(Beginning of MATERIAL PROVIDED)

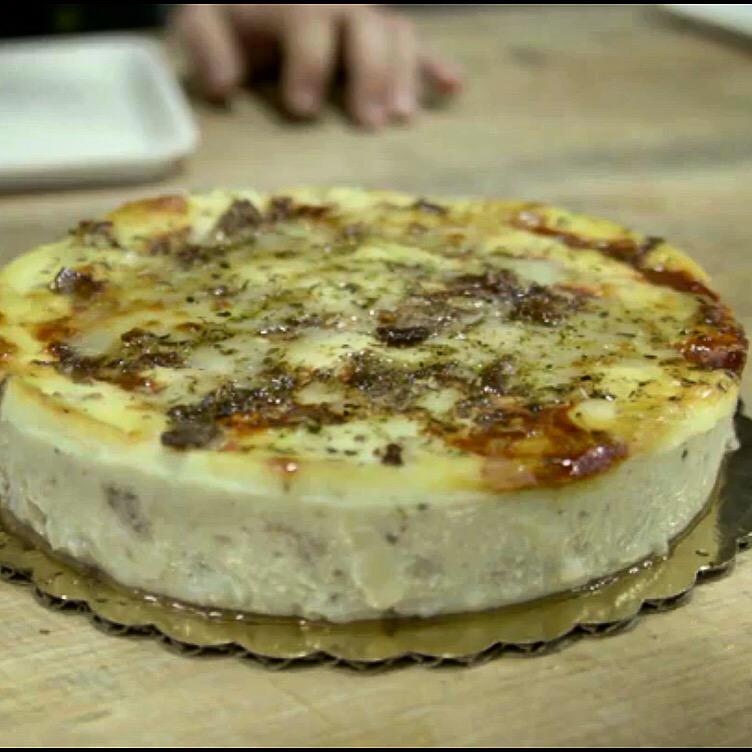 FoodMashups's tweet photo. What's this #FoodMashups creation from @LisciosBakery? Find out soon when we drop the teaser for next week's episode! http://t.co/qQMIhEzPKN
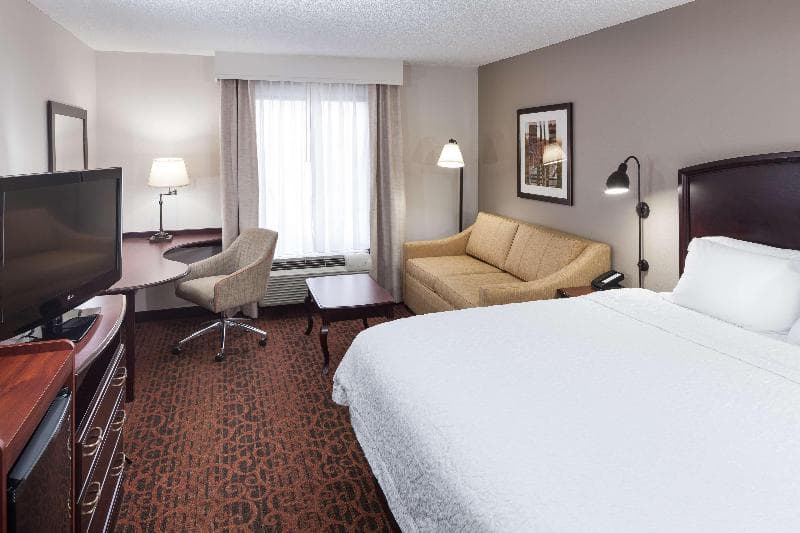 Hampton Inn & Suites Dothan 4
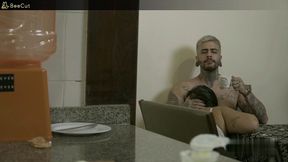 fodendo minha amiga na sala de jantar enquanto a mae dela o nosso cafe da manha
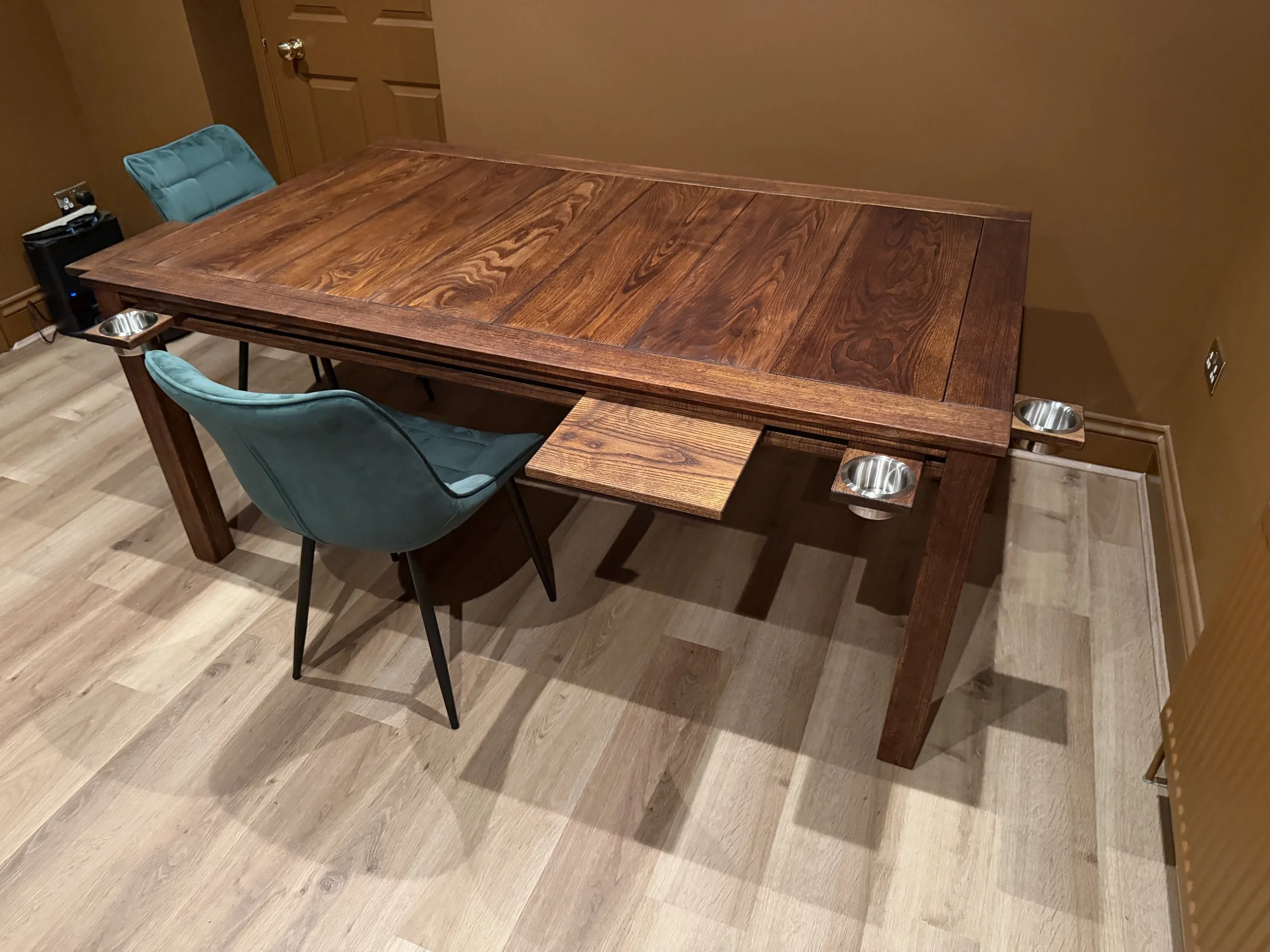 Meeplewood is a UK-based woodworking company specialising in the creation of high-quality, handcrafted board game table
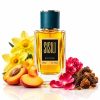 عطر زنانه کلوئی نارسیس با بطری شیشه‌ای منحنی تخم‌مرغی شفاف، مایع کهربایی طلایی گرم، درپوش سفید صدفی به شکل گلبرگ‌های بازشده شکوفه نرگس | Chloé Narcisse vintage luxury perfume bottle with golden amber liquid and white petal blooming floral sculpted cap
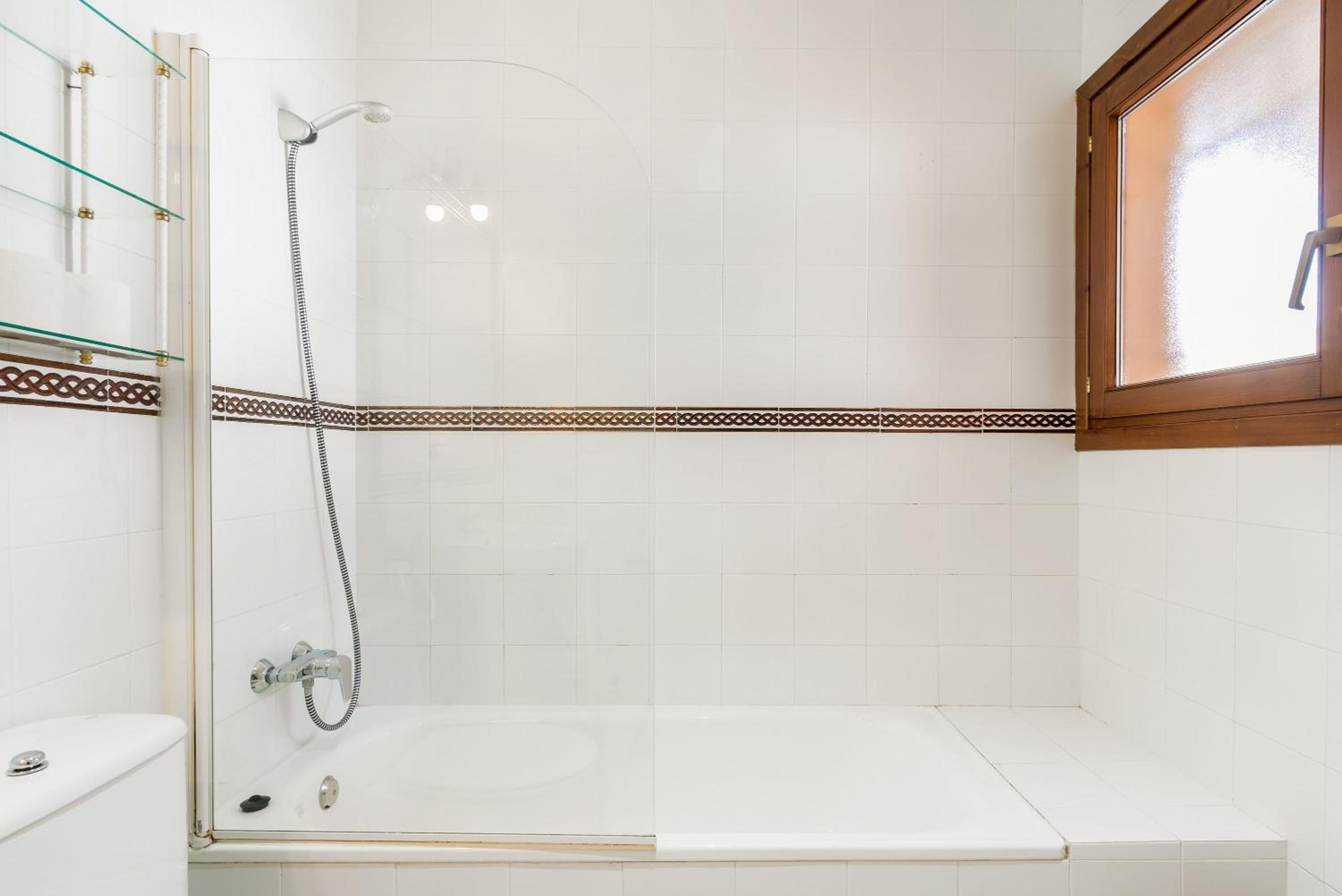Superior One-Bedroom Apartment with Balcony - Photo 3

(End of MATERIAL PROVIDED)

**TASK REQUIREMENTS:**
All of the data above is to be repeated exactly, with the pictures left out.

**RESPONSE FOR THIS EXERCISE:**
 FoodMashups's tweet photo. What's this #FoodMashups creation from @LisciosBakery? Find out soon when we drop the teaser for next week's episode! http://t.co/qQMIhEzPKN
 Hampton Inn & Suites Dothan 4
 fodendo minha amiga na sala de jantar enquanto a mae dela o nosso cafe da manha
 Meeplewood is a UK-based woodworking company specialising in the creation of high-quality, handcrafted board game table
 عطر زنانه کلوئی نارسیس با بطری شیشه‌ای منحنی تخم‌مرغی شفاف، مایع کهربایی طلایی گرم، درپوش سفید صدفی به شکل گلبرگ‌های بازشده شکوفه نرگس | Chloé Narcisse vintage luxury perfume bottle with golden amber liquid and white petal blooming floral sculpted cap
Superior One-Bedroom Apartment with Balcony - Photo 3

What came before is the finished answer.